Will ich jemandem gefallen, muss ich zuerst verstehen, was der- oder diejenige mag. Ich finde heraus, was demjenigen gefällt und versuche dann, den Wunsch zu erfüllen. Wenn ich an Gott glaube und ihn anbete, muss ich mir dann nicht als erstes die Frage stellen: was will Gott?
Um eine Antwort darauf zu bekommen höre ich ihm einfach zu, denn er sagt es klar und deutlich!

Gefallen Gott die vielen Rituale, Zeremonien und Traditionen, die ihm zu Ehre abgehalten werden?
„Zuerst hatte er gesagt: »Opfer und Gaben, Brandopfer und Sündopfer hast du nicht gewollt, sie gefallen dir auch nicht«, obwohl sie doch nach dem Gesetz geopfert werden. Dann aber sprach er: »Siehe, ich komme, zu tun deinen Willen«. Da hebt er das Erste auf, damit er das Zweite einsetze“ (Hebr 10,5-9).

Verlangt Gott bestimmte Verhaltensweisen und sagt, was ich essen soll und was nicht, was ich trinken darf und was nicht, wie ich mich kleiden soll und welche Frisur ich zu tragen habe?
„Wenn ihr nun mit Christus den Mächten der Welt gestorben seid, was lasst ihr euch dann Satzungen auferlegen, als lebtet ihr noch in der Welt: Du sollst das nicht anfassen, du sollst das nicht kosten, du sollst das nicht anrühren? Das alles soll doch verbraucht und verzehrt werden. Es sind Gebote und Lehren von Menschen, die zwar einen Schein von Weisheit haben durch selbst erwählte Frömmigkeit und Demut und dadurch, dass sie den Leib nicht schonen; sie sind aber nichts wert und befriedigen nur das Fleisch“ (Kol 2,20-23).

Hat Gott sich in irgendeiner Art und Weise zum Leben hier in dieser Welt geäußert?
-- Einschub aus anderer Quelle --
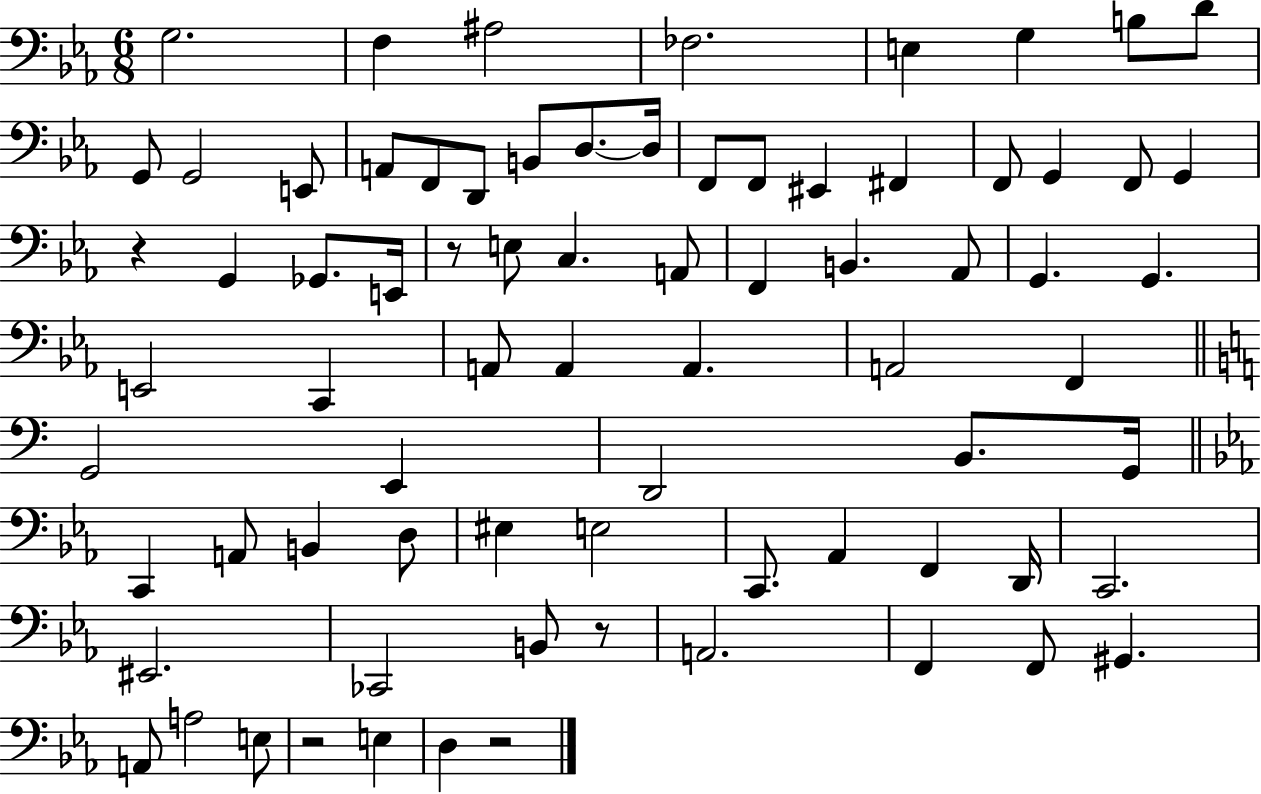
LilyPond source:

{
  \clef bass
  \numericTimeSignature
  \time 6/8
  \key ees \major
  g2. | f4 ais2 | fes2. | e4 g4 b8 d'8 | \break g,8 g,2 e,8 | a,8 f,8 d,8 b,8 d8.~~ d16 | f,8 f,8 eis,4 fis,4 | f,8 g,4 f,8 g,4 | \break r4 g,4 ges,8. e,16 | r8 e8 c4. a,8 | f,4 b,4. aes,8 | g,4. g,4. | \break e,2 c,4 | a,8 a,4 a,4. | a,2 f,4 | \bar "||" \break \key a \minor g,2 e,4 | d,2 b,8. g,16 | \bar "||" \break \key ees \major c,4 a,8 b,4 d8 | eis4 e2 | c,8. aes,4 f,4 d,16 | c,2. | \break eis,2. | ces,2 b,8 r8 | a,2. | f,4 f,8 gis,4. | \break a,8 a2 e8 | r2 e4 | d4 r2 | \bar "|."
}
Ja, das hat er!
„Das sage ich aber, liebe Brüder: Die Zeit ist kurz. Fortan sollen auch die, die Frauen haben, sein, als hätten sie keine; und die weinen, als weinten sie nicht; und die sich freuen, als freuten sie sich nicht; und die kaufen, als behielten sie es nicht; und die diese Welt gebrauchen, als brauchten sie sie nicht. Denn das Wesen dieser Welt vergeht“ (1 Kor 7,29-31).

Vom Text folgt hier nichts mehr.